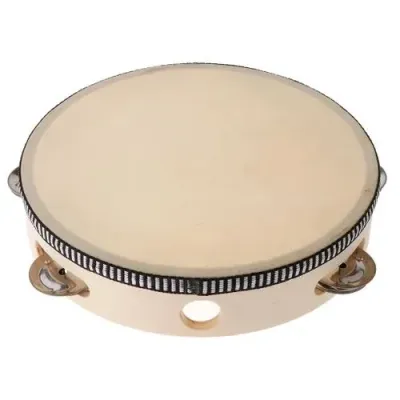 Tambourine 10" Purple Turtle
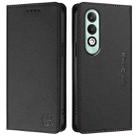 For OPPO K12x 5G Global RC01 Dual-Folded Magnetic Suction RFID Leather Phone Case(Black) - 2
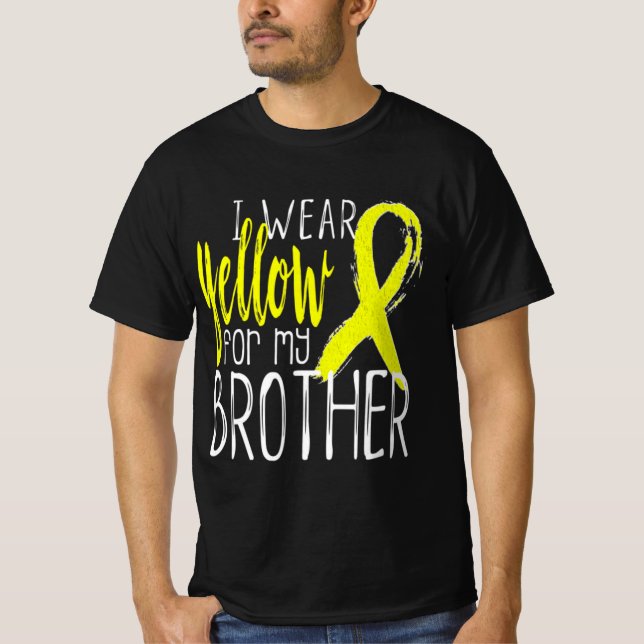 Camiseta Sensibilización suicida que llevo amarillo por mi  (Anverso)
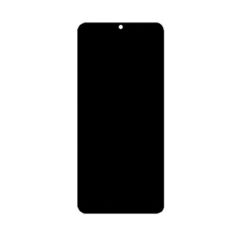 LG K40S X430EM, LCD kijelző érintőplexivel és előlap kerettel, fekete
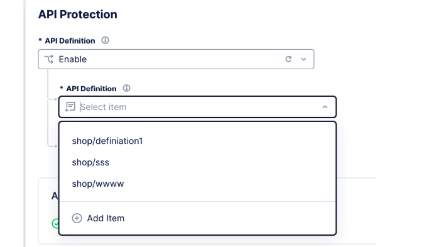 Figure: Select API Definition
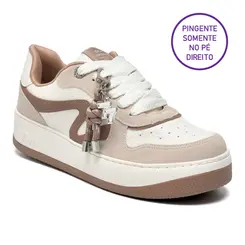Tênis Casual Feminino Via Marte Bege 209-014-13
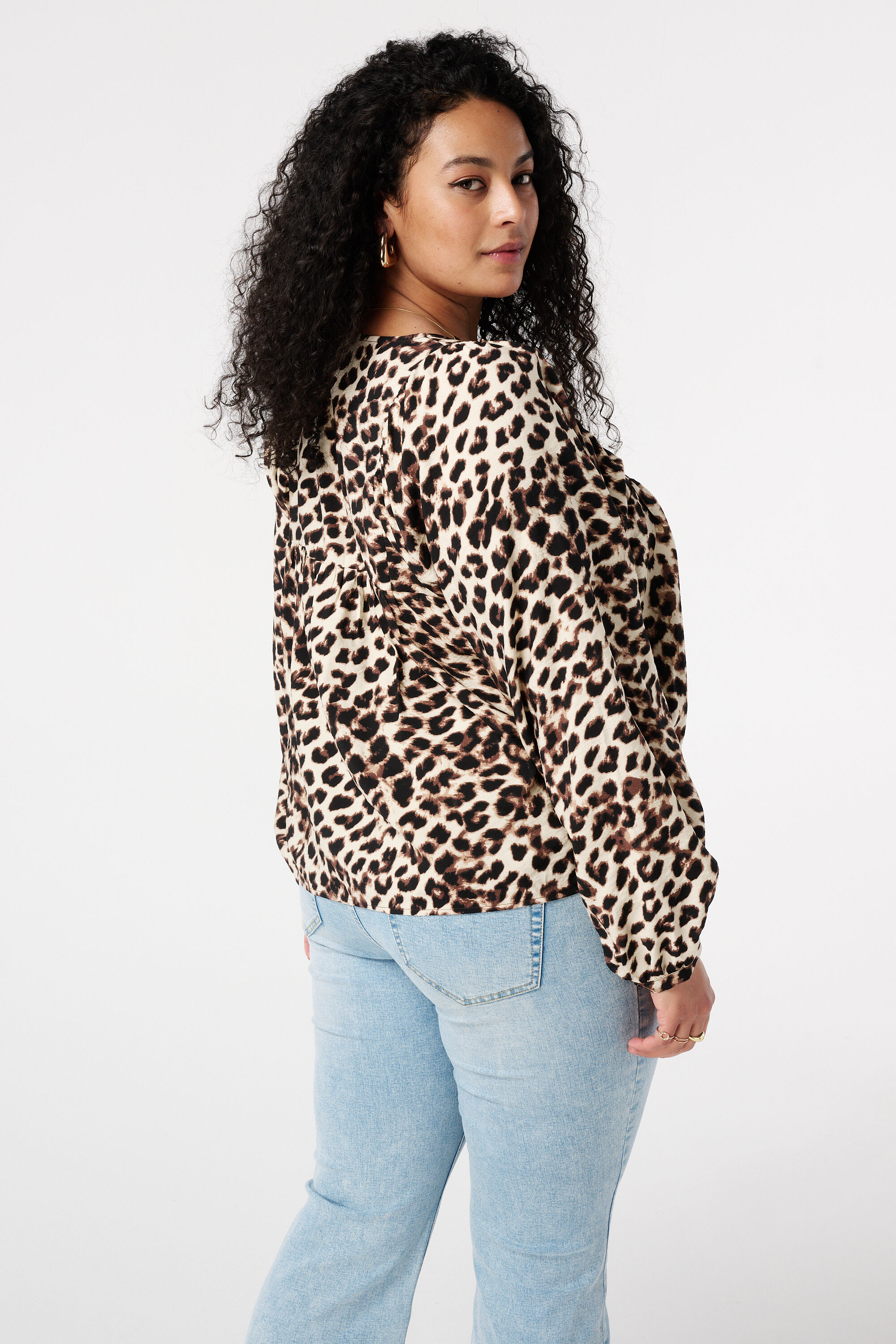 Blouse met strikdetail image number 3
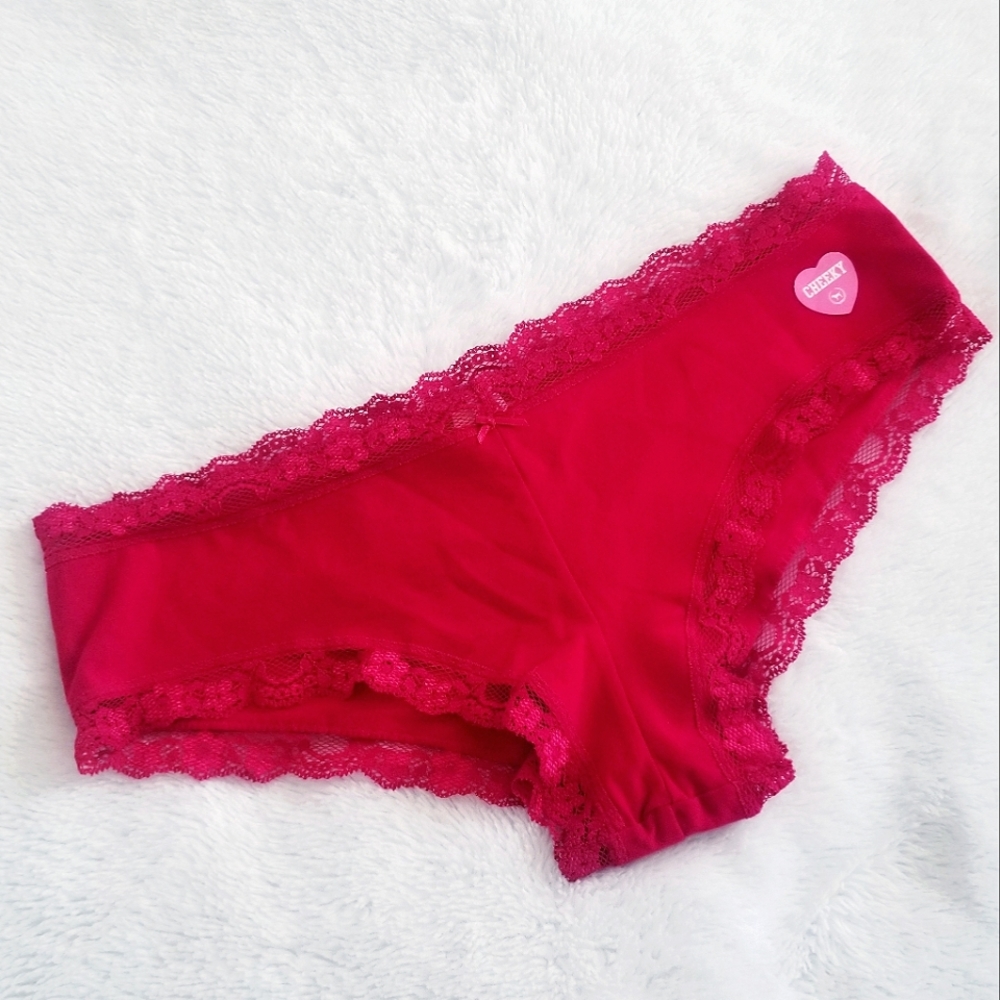 Victoria's Secret PINK Vintage Low Rise Hipster Cheeky Graphic Panty NWT - Picture 7 of 12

====================

**EXERCISE AIM**. Exact reproduction is required. Output only the lines from the one with "Camiseta Sensibilización suicida" through the end of the listing above, both ends included, and no pictures.

**RESULT OF THE EXERCISE**.
 Camiseta Sensibilización suicida que llevo amarillo por mi  (Anverso)
 LG K40S X430EM, LCD kijelző érintőplexivel és előlap kerettel, fekete
 Figure: Select API Definition
Tênis Casual Feminino Via Marte Bege 209-014-13
 Blouse met strikdetail image number 3
 Victoria's Secret PINK Vintage Low Rise Hipster Cheeky Graphic Panty NWT - Picture 7 of 12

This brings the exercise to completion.